▶ _Exercise details_:
Return the full listing character for character, without its pictures.

▶ _Data below_:
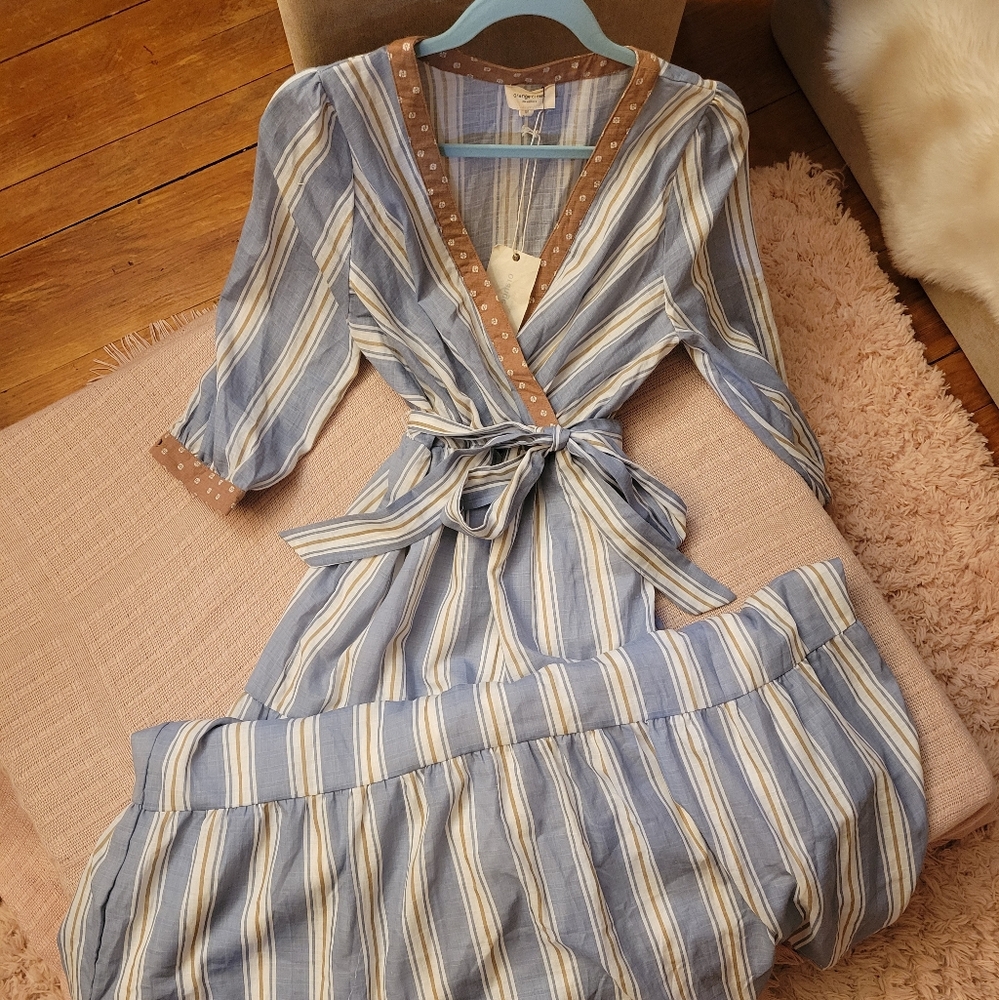 Maxi Dress Size Medium NWT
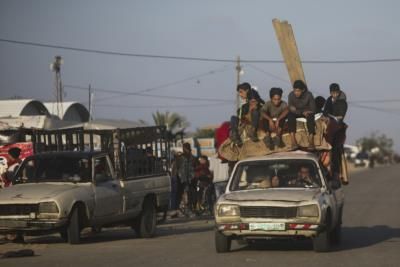 Thousands Fleeing Gaza Face Dire Conditions In Khan Younis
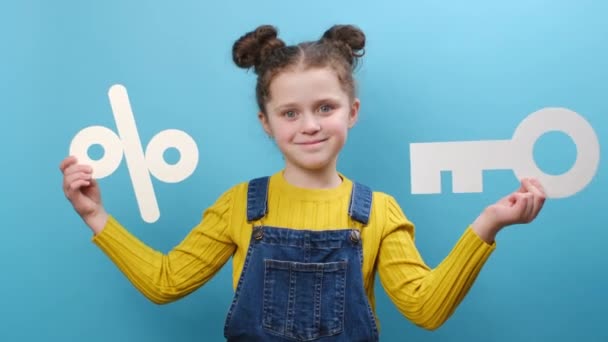 Happy Little Girl Holding White Percent Mark Paper Key Model — Stock Video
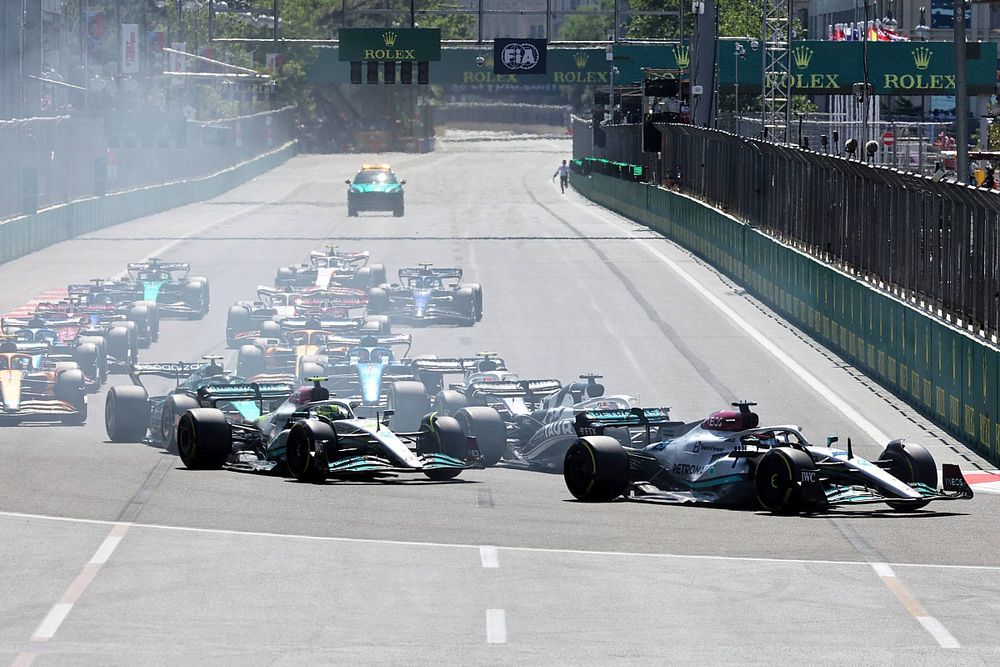 George Russell, Mercedes W13, Lewis Hamilton, Mercedes W13, Pierre Gasly, AlphaTauri AT03, Sebastian Vettel, Aston Martin AMR22, el resto  en la salida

▶ _Answer box_:
 Maxi Dress Size Medium NWT
 Thousands Fleeing Gaza Face Dire Conditions In Khan Younis
 Happy Little Girl Holding White Percent Mark Paper Key Model — Stock Video
 George Russell, Mercedes W13, Lewis Hamilton, Mercedes W13, Pierre Gasly, AlphaTauri AT03, Sebastian Vettel, Aston Martin AMR22, el resto  en la salida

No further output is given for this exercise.